Over the years, legislation has also been introduced in Nebraska, Texas, Arizona and Virginia, according to Make Our Schools Safe.

Las Vegas schools also decided to add panic buttons this year to deal with a spate of violence. The data shows the district recorded 2,377 assaults and batteries from August 2021 through the end of May, including an after-school attack that left a teacher injured and unconscious in her classroom. Other districts adding back-to-school panic buttons include Madison County Schools in North Carolina, which is also putting AR-15 rifles in all schools, and the Houston County School District in Georgia .

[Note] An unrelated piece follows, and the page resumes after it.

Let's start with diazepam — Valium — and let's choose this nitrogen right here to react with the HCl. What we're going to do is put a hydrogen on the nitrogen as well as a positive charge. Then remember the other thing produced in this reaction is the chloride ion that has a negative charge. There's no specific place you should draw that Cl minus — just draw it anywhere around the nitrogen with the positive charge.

Walter Stephens, the executive director of school operations for the 30,000-student Houston County district, said the district tested the panic button technology last year at three schools before signing a five-year contract with $1.7 million to make it available to all of its buildings.

Like most schools, the district reevaluated its safety protocols after the tragedy in Uvalde. But the Texas shooting didn’t provide the impetus to add panic buttons, Stephens insisted. If students don’t feel safe, he said, “that translates into them not doing well in our schools.”

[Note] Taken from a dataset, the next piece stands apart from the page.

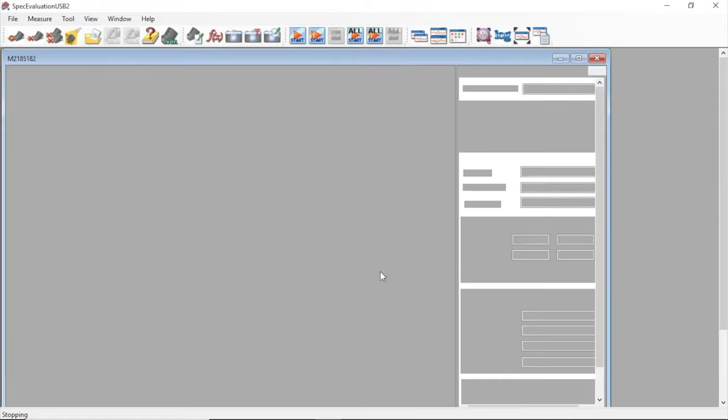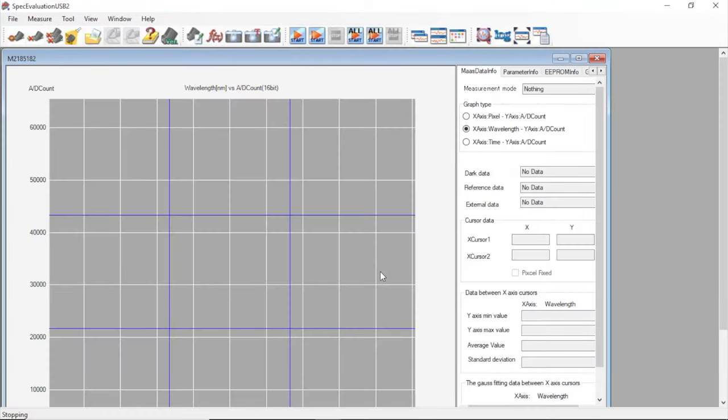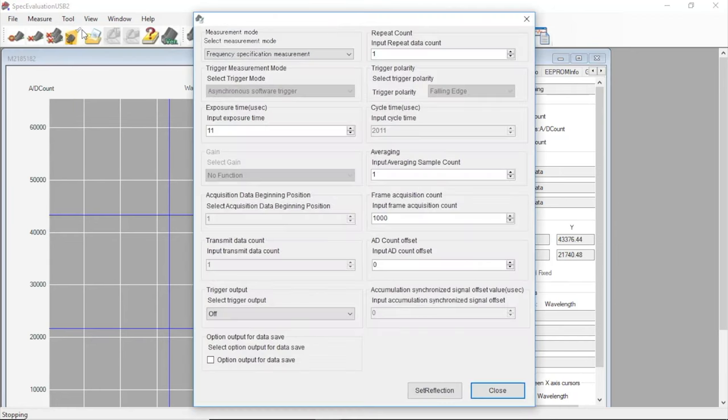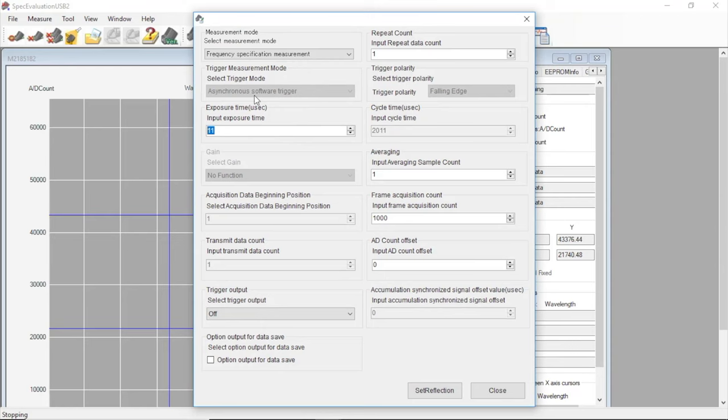Now, with the spectrometer open, let's monitor the output to get an initial reading of what it's seeing. We'll set some parameters for this monitored measurement by going to Tool, Set Parameter, and then opening it up to find a couple of options we can toggle with. For now, we'll be setting the integration time to the minimum value. This can be found on the spectrometer data sheet.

Experts are monitoring whether the buttons perform as promised. In places like Florida, a panic button app has proven unpopular with teachers. And what happens, asked Mo Canady, executive director of the National Association of School Resource Officers, in the case of a false alarm or a student using a panic button to cause chaos? “By throwing so much technology at the problem … we may have inadvertently created a false sense of security,” Canady said.

Kansas State Sen. Cindy Holscher represents an area that includes part of Olathe’s district, and her 15-year-old son knew the Olathe East shooter. While Holscher, a Democrat, supports adding panic buttons to the district, he said schools alone cannot solve the nation’s mass shooting problem.

“If we make it too easy for people to get their hands on guns, it’s still a problem,” said Holscher, who has championed a red flag law and another measure that would have mandated the safe storage of guns by fire He said neither measure even got a hearing in the GOP-dominated Legislature. “We have to get to the heart of the matter at some point.”